Großeltern und Enkelkinder haben oft eine besonders innige Beziehung. Hier ein besonderes Beispiel – ein Brief an die Enkelin:

Liebe H.,

bei Deinem letzten Besuch in Eckernförde hast Du mir von einer großen Verunsicherung erzählt, die Dich jetzt am Ende Deiner Ausbildung quält. Bisher lief alles außergewöhnlich gut. Du bekamst einen Platz an einer der besten Schauspielschulen Deutschlands, hattest Erfolge während der Ausbildung, Deine Begabung und Stärken konntest Du entfalten und für andere sichtbar machen.

Dieses Hochgefühl wurde unsanft beendet, ausgelöst durch erste Praxiserfahrungen an einer renommierten Bühne in München. Dort warst Du das letzte kleine Licht, völlig unbeachtet und unwichtig. Du kamst Dir vor wie eine Marionette an den Fäden des Regisseurs, ohne Eigenleben und Mitspracherecht. Eine schockierende Kränkung, die Dich völlig unvorbereitet traf. Fragen drängten sich auf: Wie kann es nach der Schule weitergehen? Ist die Schauspielerei überhaupt der richtige Beruf, wenn am Theater meine Begabung und meine Möglichkeiten nicht wahrgenommen werden?

Ich habe Deine Enttäuschung gespürt, mit Dir gelitten und mir überlegt, wie es war, als ich am Ende der schulischen Ausbildung war und einen Platz im Berufsleben brauchte. Das war 1956. Krieg, Angst, Entbehrung, Hunger waren vorbei. Aber es gab für mich nur eine Berufswahlmöglichkeit, und das bedeutete: Friss oder stirb. In dieser Beziehung hatte ich es leichter, ich brauchte mir keine Gedanken zu machen, ob ich das, was zu tun war, auch wollte. Ich musste mich durchbeißen.

Und das konnte meine Generation besser als Deine. Wir waren gewöhnt an Schwierigkeiten, die Eltern konnten uns nicht helfen, im Gegenteil, wir mussten ihnen dabei helfen wieder auf die Füße zu kommen. Also haben wir unsere Ansprüche weit nach unten geschraubt und Fähigkeiten entwickelt, die uns halfen mit allen Widrigkeiten fertig zu werden. So waren wir gut gerüstet und vorbereitet auf Rückschläge und Herausforderungen.

Deine Generation ist in eine relativ heile Welt geboren worden.
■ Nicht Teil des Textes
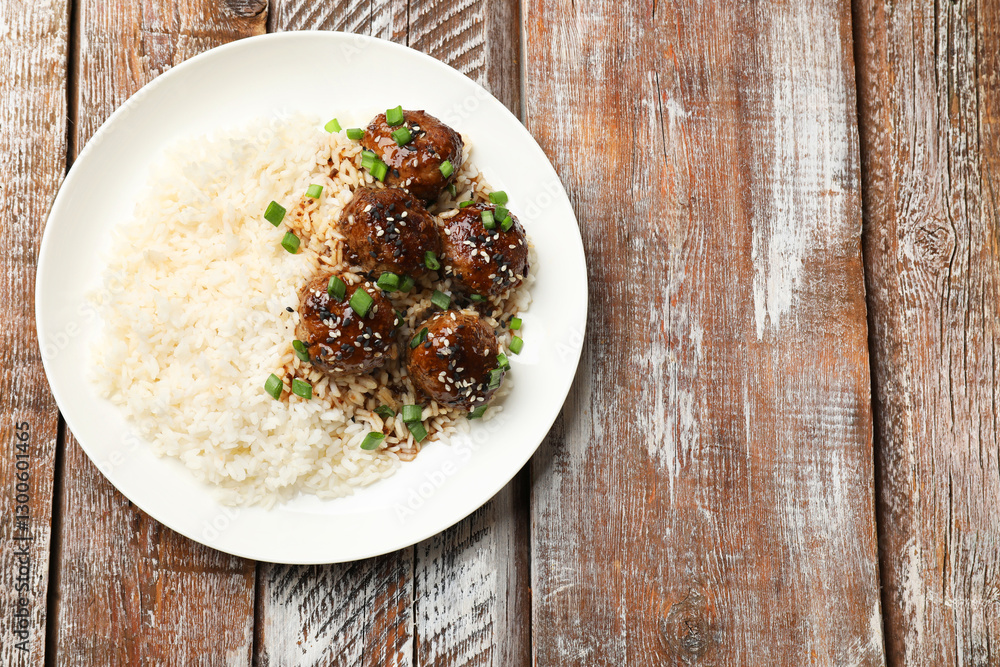 Delicious rice with meatballs, sauce and green onions on wooden table, top view. Space for text Delicious rice with meatballs, sauce and green onions on wooden table, top view. Space for text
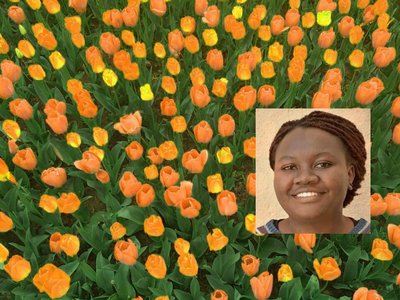 Portrait of Anne Birundi with yellow and orange tulips in the background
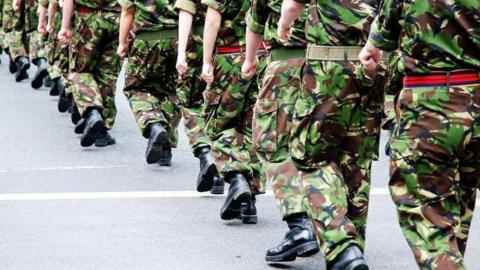 An anonymous photograph of British soldiers in uniform marching, framed so that we do not see their heads.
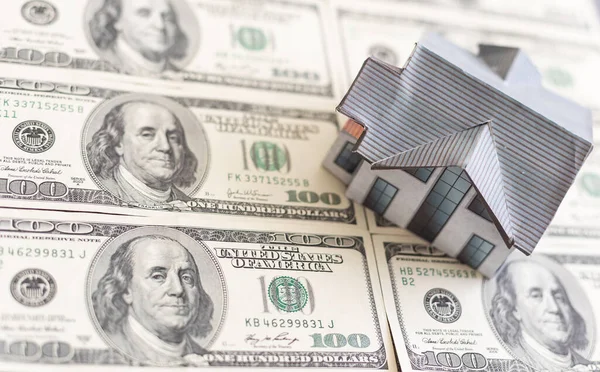 Miniature house with money on tax papers. High quality photo
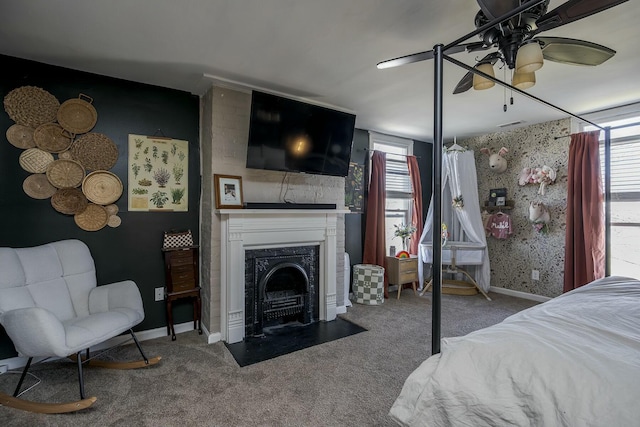 carpeted bedroom featuring multiple windows, a fireplace, a ceiling fan, and baseboards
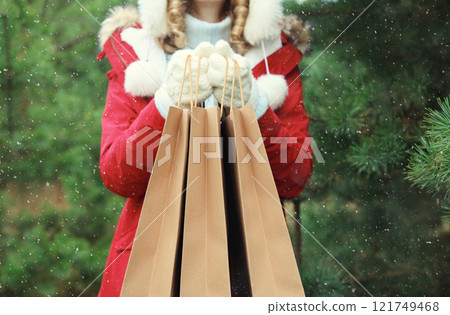 Purchase, holidays, female hand holding showing paper shopping bags, gift against Christmas tree 121749468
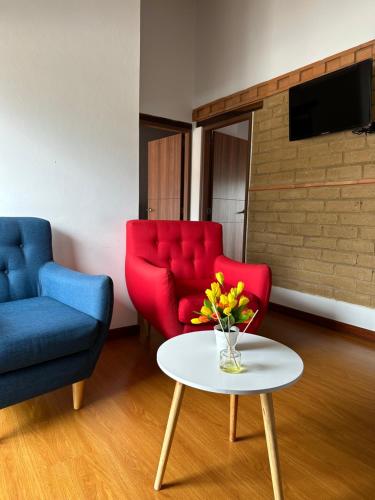 uma sala de estar com duas cadeiras e uma mesa com flores em Hotel Villa Teresita em Sáchica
Alles Notwendige stand zur Verfügung, Kinder durften Kinder sein, Eltern haben sie unterstützt und ernst genommen, wirklich kämpfen mussten sie nicht. Das bedeutet aber auch, dass ihnen Erfolgserlebnisse und die daraus erwachsende Selbstbestätigung fehlen, die sich aus der erfolgreichen Überwindung von Schwierigkeiten aus eigener Kraft ergeben.

Ich glaube, dass zur Entwicklung und Reifung eines Menschen etwas gehört, das unabhängig von den aktuellen Lebensbedingungen zeitlos und allgemeingültig ist: Bewährung. In dem Hauff-Märchen „Zwerg Nase“ ist diese Bewährungszeit wunderbar beschrieben. Es geht um Dreinschicken, Zulassen und wohl auch um Demut. Erst mal gucken, anpassen, mitmachen, Aufgaben lösen, auch wenn Du sie selbst so nicht gestellt hättest. Du gibst Dich dabei nicht vollkommen auf, sondern agierst mit dem, was Du bist und kannst. Deine Überzeugung verlierst oder verleugnest Du dabei nicht, Deine Person bleibt intakt. Auch wenn Du etwas anders machen sollst, als Du es in eigener Verantwortung für richtig gehalten hättest. Niemals kannst Du von einem anderen Menschen ganz vereinnahmt werden. Der Kern Deiner Person, das „Göttliche“, bleibt unantastbar und wird sich durchsetzen. Vertraue darauf und lass alles auf Dich zukommen. Du wirst merken, wenn sich neue Wege öffnen oder es Zeit ist die Reißleine zu ziehen.

Eins ist ganz besonders wichtig: Lass Dich nicht vom Alltag und den Anforderungen anderer auffressen. Sorge für Ruhezeiten, in denen Du alleine bist und Dich spürst. Nur so kannst Du merken, was Du brauchst und es Dir geben. Gehe liebevoll und fürsorglich mit Dir um und lass Dich unter keinen Umständen davon abbringen.

Ich wünsche mir sehr, dass es Dir gut geht, und ich möchte Dich auf Deinem Weg wohlwollend begleiten, solange es geht.